The manes of the pictures will be the exact same ones as in lightroom.

The client said, that selecting the images manually would be a big task per client. 

i found http://www.beardsworth.co.uk/lightroom/list-view/  , but that won't do what i want..

thanks for the answers.

Carlos ( Belgium)


----------



## clee01l (Mar 31, 2015)

Welcome to the forum.  This is not a task that can be completed in LR.  Unless John Beardsworth has a better solution, you will need to do this manually.  The LR catalog is a SQLite database.  As such any SQLite database manager can be used to update a copy of the catalog file.  Using SQL to do this is probably just about as tedious as updating the titles manually.


----------



## johnbeardy (Mar 31, 2015)

The next version of ListView does have the ability to send data from Excel to Lightroom and is available to try from my Lightroom Solutions site where there's a video showing it in action.

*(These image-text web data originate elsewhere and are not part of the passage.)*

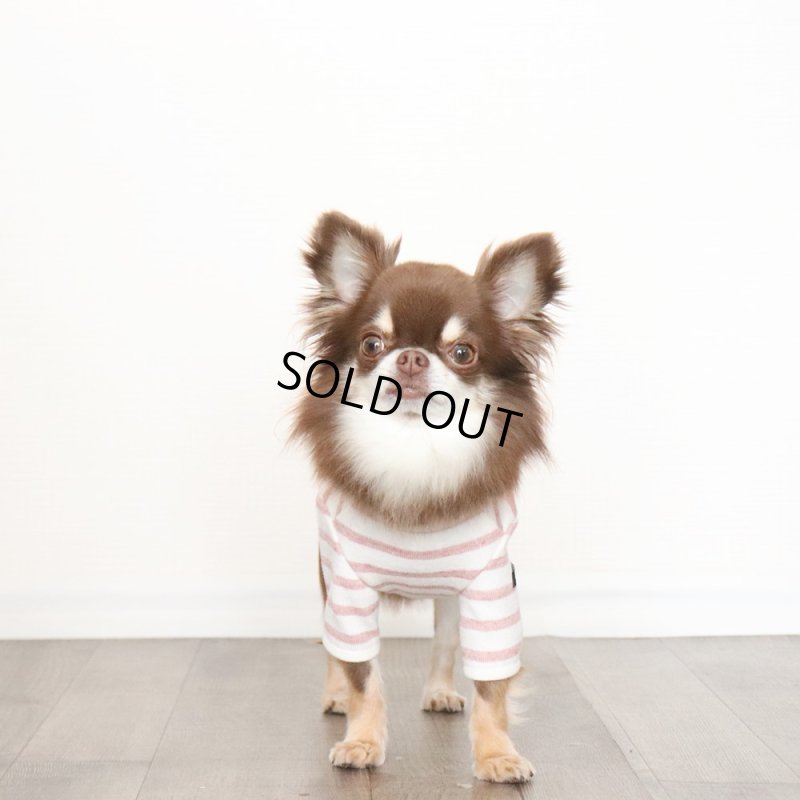 画像3: スモーキーボーダーカットソー（アプリコット） (3)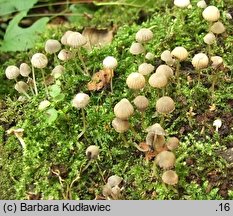 Coprinopsis coniophora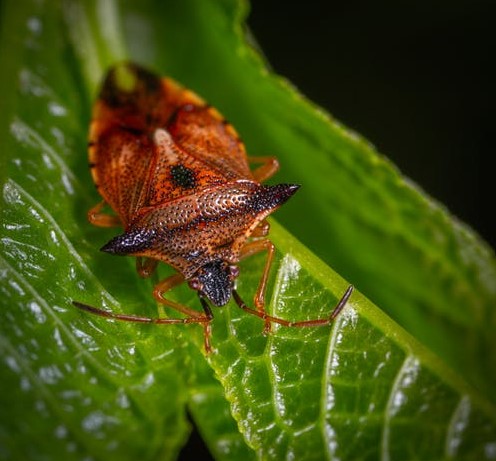 Need for cockroach control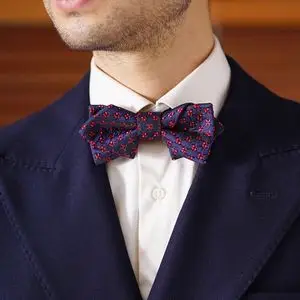 波点领结男图片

This new feature communicates with LR using an Excel add-in and just requires you to enter a cell formula for each value you want to post to Lightroom. You then just click a Send to Lightroom button. So it's the easiest way to get large amounts of data into a catalogue - if someone knows how to use Excel. But it will be "unsupported" in the sense that if people can't figure it out for themselves, I really don't think they should be using it - whether it's with this method or SQL or whatever, updating LR from external data is a job for those with good tech skills. 

I think LrTransporter offers a way to select images by entering a text file.

John


----------